War and Peace (4)
Tales of war flood my consciousness this Memorial Day weekend from listening to PBS (mostly D-Day) commemorations, playing Age of Empires, and reading War and Peace during my convalescence. Firstly, in order to face oncoming bullets, successful warriors ignore the danger to their person and see the enemy as a holistic unit, not a myriad of individuals, that must be subdued. In modern terms, one must have the ‘eye of the tiger’. Here’s how Tolstoy describes how Commander Tushin saw the oncoming French,
As a result of the dreadful rumbling, the noise, the necessity for attention and activity, Tushin did not experience the slightest unpleasant feeling of fear, and the thought that he could be killed or painfully wounded did not occur to him. On the contrary, he felt ever merrier and merrier.
[…] owing to the sight of all these [horrible] things, there was established in his head a fantastic world of his own, which made up his pleasure at that moment. In his imagination, the enemy’s cannon were not cannon but pipes, from which an invisible smoker released an occasional puff of smoke.
“Look, he’s puffing away again,” Tushin said to himself in a whisper, as a puff of smoke leaped from the hillside and was borne leftwards in a strip by the wind, (p. 193)
Secondly, I have noticed several times how Tolstoy likes to present contradictory images when describing something, usually people. Matthew talks about defamiliarization in his very interesting parts one and two, though he describes it as a different technique that seeks to use words in a self-conscious, or at least uncomfortable way that makes one look at familiar things more critically, if I’m understanding the concept correctly.Where one looks past appearance and finds a deeper reality.
I’ll pick out two striking examples in the text of contradiction used to the same end to illustrate my point, then go to Aaron’s post where he speaks of the contrast between war and beauty more generally.
First is at the dance during the Rostov’s namesday feast for the Natalia’s:
The count danced well and knew it, but his partner could not and would not dance well at all. Her enormous body stood straight, her powerful arms hung down (she had given her retiule to the countess); only her stern but handsome face danced. What was expressed in the whole round figure of the count, in Marya Dmitrievna was expressed in her ever more smiling face and ever more thrust-up nose.

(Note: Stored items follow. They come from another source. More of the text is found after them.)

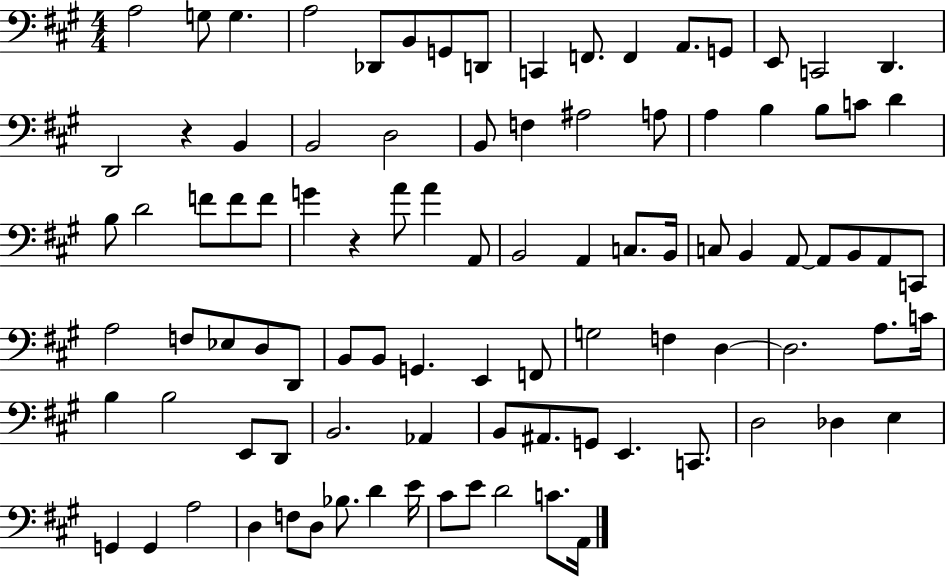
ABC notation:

X:1
T:Untitled
M:4/4
L:1/4
K:A
A,2 G,/2 G, A,2 _D,,/2 B,,/2 G,,/2 D,,/2 C,, F,,/2 F,, A,,/2 G,,/2 E,,/2 C,,2 D,, D,,2 z B,, B,,2 D,2 B,,/2 F, ^A,2 A,/2 A, B, B,/2 C/2 D B,/2 D2 F/2 F/2 F/2 G z A/2 A A,,/2 B,,2 A,, C,/2 B,,/4 C,/2 B,, A,,/2 A,,/2 B,,/2 A,,/2 C,,/2 A,2 F,/2 _E,/2 D,/2 D,,/2 B,,/2 B,,/2 G,, E,, F,,/2 G,2 F, D, D,2 A,/2 C/4 B, B,2 E,,/2 D,,/2 B,,2 _A,, B,,/2 ^A,,/2 G,,/2 E,, C,,/2 D,2 _D, E, G,, G,, A,2 D, F,/2 D,/2 _B,/2 D E/4 ^C/2 E/2 D2 C/2 A,,/4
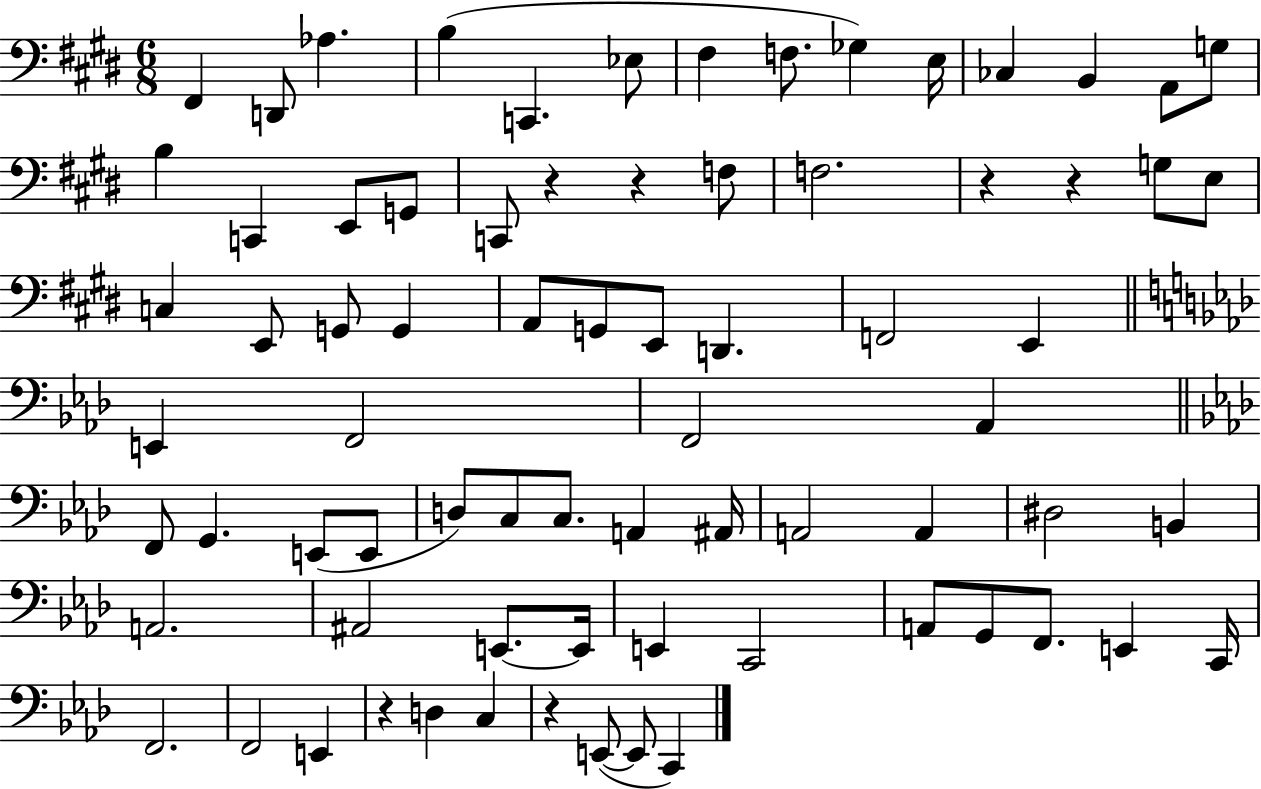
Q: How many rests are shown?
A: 6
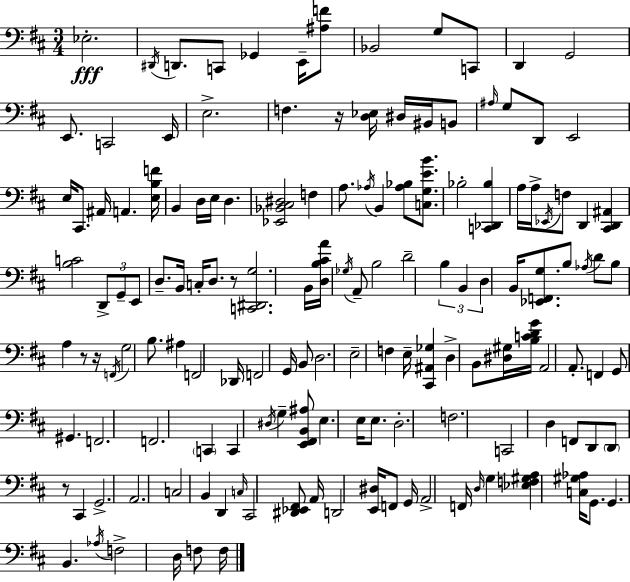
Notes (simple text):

Eb3/h. D#2/s D2/e. C2/e Gb2/q E2/s [A#3,F4]/e Bb2/h G3/e C2/e D2/q G2/h E2/e. C2/h E2/s E3/h. F3/q. R/s [D3,Eb3]/s D#3/s BIS2/s B2/e A#3/s G3/e D2/e E2/h E3/s C#2/e. A#2/s A2/q. [E3,B3,F4]/s B2/q D3/s E3/s D3/q. [Eb2,Bb2,C#3,D#3]/h F3/q A3/e. Ab3/s B2/q [Ab3,Bb3]/e [C3,G3,E4,B4]/e. Bb3/h [C2,Db2,Bb3]/q A3/s A3/s Eb2/s F3/e D2/q [C#2,D2,A#2]/q [B3,C4]/h D2/e G2/e E2/e D3/e. B2/s C3/s D3/e. R/e [C2,D#2,G3]/h. B2/s [D3,B3,C#4,A4]/s Gb3/s A2/e B3/h D4/h B3/q B2/q D3/q B2/s [Eb2,F2,G3]/e. B3/e Ab3/s D4/e B3/e A3/q R/e R/s F2/s G3/h B3/e. A#3/q F2/h Db2/s F2/h G2/s B2/e D3/h. E3/h F3/q E3/s [C#2,A#2,Gb3]/q D3/q B2/e [D#3,G#3]/s [B3,C4,D4,G4]/s A2/h A2/e. F2/q G2/e G#2/q. F2/h. F2/h. C2/q C2/q D#3/s G3/q [E2,F#2,B2,A#3]/e E3/q. E3/s E3/e. D3/h. F3/h. C2/h D3/q F2/e D2/e D2/e R/e C#2/q G2/h. A2/h. C3/h B2/q D2/q C3/s C#2/h [D#2,Eb2,F#2]/e A2/s D2/h [E2,D#3]/s F2/e G2/s A2/h F2/s D3/s G3/q [Eb3,F3,G#3,A3]/q [C3,G#3,Ab3]/s G2/e. G2/q. B2/q. Ab3/s F3/h D3/s F3/e F3/s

On the other hand, if the count, who got himself going more and more, fascinated he spectators by his unexpectedly deft capers and the light leaps of his supple legs, Marya Dmitrievna, by the slightest exertion in moving her shoulderrs or rounding her arms while turning or stamping, produced no less of an impression by its merit, which everyone appreciated in view of her corpulence and perpetual severity. (p. 69)
So does she dance well or not? On deeper examination, yes! And now to a wartime description, no less dance-like:
On the left flank, closest of all to Bagration, marched a company commander, a round-faced, stately man with a stupid, happy expression on his face, the same one who had come running from the lean-to. He was obviously thinking of nothing at that moment but the fine figure he would cut as he marched past his superior.

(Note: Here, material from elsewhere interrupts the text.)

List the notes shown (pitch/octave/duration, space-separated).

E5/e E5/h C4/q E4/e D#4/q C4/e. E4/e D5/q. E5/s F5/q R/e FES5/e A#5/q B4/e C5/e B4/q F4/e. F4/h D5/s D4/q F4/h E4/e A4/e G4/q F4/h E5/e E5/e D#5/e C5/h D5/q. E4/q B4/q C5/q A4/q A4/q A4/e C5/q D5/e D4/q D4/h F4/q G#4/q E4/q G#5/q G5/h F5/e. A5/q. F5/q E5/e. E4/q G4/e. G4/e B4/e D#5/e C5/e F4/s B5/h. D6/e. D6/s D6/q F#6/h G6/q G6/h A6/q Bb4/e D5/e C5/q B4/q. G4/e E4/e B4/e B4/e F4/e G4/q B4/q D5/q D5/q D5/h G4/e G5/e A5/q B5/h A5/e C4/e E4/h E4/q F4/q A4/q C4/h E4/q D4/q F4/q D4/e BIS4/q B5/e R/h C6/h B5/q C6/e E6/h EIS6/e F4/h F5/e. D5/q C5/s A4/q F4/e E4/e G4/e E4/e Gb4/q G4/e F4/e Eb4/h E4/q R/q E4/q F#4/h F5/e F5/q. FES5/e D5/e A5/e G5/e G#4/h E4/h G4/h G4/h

With a parade-like self-satisfaction, he marched lightly on his muscular legs, as if floating, holding himself straight without the least effort, and distinguishing himself by this lightness from the heavy tread of the soldiers who marched in step with him. He carried by his leg an unsheathed, thin, and narrow sword (a curved little sword, not resembling a weapon), and he lithely turned his whole strong body, looking now at his superior, now behind him, without losing step. It seemed that all the forces of his soul were aimed at marching past his superior in the best possible way, and, feeling that he was doing it well, he was happy. (p.184)
Skillful perhaps, but not done well. Yet during Tolstoy’s more critical moments, I can’t help feel a bit of a lack of charity towards the less dimensional secondary characters such as this one (his descriptions of the major characters are more balanced). Maybe because I’m reading it with the critique of Tolstoy’s pride provided by Christopher’s Orrologion who also sites Aaron’s Logismoi, in the back of my head.

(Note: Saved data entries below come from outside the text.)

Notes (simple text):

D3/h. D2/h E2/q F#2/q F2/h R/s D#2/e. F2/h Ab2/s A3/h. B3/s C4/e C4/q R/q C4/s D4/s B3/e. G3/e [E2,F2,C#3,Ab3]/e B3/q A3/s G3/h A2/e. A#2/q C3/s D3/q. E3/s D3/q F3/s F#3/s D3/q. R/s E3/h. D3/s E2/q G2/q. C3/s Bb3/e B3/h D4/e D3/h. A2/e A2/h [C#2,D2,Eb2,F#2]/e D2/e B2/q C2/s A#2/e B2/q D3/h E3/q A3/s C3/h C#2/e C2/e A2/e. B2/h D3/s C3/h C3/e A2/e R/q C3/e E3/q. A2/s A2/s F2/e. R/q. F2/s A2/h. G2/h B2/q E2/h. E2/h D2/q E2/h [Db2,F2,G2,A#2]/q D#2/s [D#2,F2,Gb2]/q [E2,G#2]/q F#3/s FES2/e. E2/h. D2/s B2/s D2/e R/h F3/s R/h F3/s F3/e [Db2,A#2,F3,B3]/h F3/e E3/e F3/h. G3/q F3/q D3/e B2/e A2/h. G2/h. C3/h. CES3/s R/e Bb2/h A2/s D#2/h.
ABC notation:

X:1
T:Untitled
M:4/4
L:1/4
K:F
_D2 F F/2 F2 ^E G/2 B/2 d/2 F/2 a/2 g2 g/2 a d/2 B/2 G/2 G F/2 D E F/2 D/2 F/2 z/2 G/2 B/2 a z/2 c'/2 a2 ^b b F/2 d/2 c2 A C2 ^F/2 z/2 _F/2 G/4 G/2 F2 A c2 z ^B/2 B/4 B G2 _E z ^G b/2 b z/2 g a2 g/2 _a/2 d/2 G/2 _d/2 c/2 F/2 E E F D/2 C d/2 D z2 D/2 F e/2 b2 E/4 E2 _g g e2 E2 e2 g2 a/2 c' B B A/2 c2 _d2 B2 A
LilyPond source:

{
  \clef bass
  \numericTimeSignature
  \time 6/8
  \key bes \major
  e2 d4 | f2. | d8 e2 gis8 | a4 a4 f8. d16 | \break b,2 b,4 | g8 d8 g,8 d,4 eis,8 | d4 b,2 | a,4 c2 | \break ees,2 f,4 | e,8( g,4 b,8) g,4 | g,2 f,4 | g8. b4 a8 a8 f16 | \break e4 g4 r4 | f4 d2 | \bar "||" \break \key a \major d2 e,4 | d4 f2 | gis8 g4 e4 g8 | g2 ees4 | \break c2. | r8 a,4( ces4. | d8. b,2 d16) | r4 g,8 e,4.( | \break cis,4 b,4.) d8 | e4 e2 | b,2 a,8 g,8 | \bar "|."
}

Which brings me to the largest, and yet most redemptive contradiction yet from Aaron’s W&P part two:
Thus, we can see that War & Peace is not even among ‘the grimmest modern realism’. As Prince Mirsky notes, ‘The philosophy of the novel is . . . profoundly optimistic . . . The optimistic nature of the philosophy is reflected in the idyllic tone of the narrative. In spite of the horror—by no means veiled—of war, . . . the general message of War & Peace is one of beauty and satisfaction that the world should be so beautiful.’ [19] It is for this reason that Tolstoy’s charactres are so surprised by the horror of war—it fits ill with the beauty of the world, which must exist in ‘spite’ of it. Think of Part 2 of Volume I of War when, superficially wounded, Nikolai Rostov thinks to himself of the approaching French, ‘Who are they? Why are they running? Can it be they’re running to me? Can it be? And why? To kill me? Me, whom everybody loves so?’ [20] Then, recall by contrast the resignation of young Patroclus in Il. XVI, ll. 988-97, struggling for breath when Hector has speared him through the bowels:
His scholarly post makes me very glad that I recently finished the Iliad.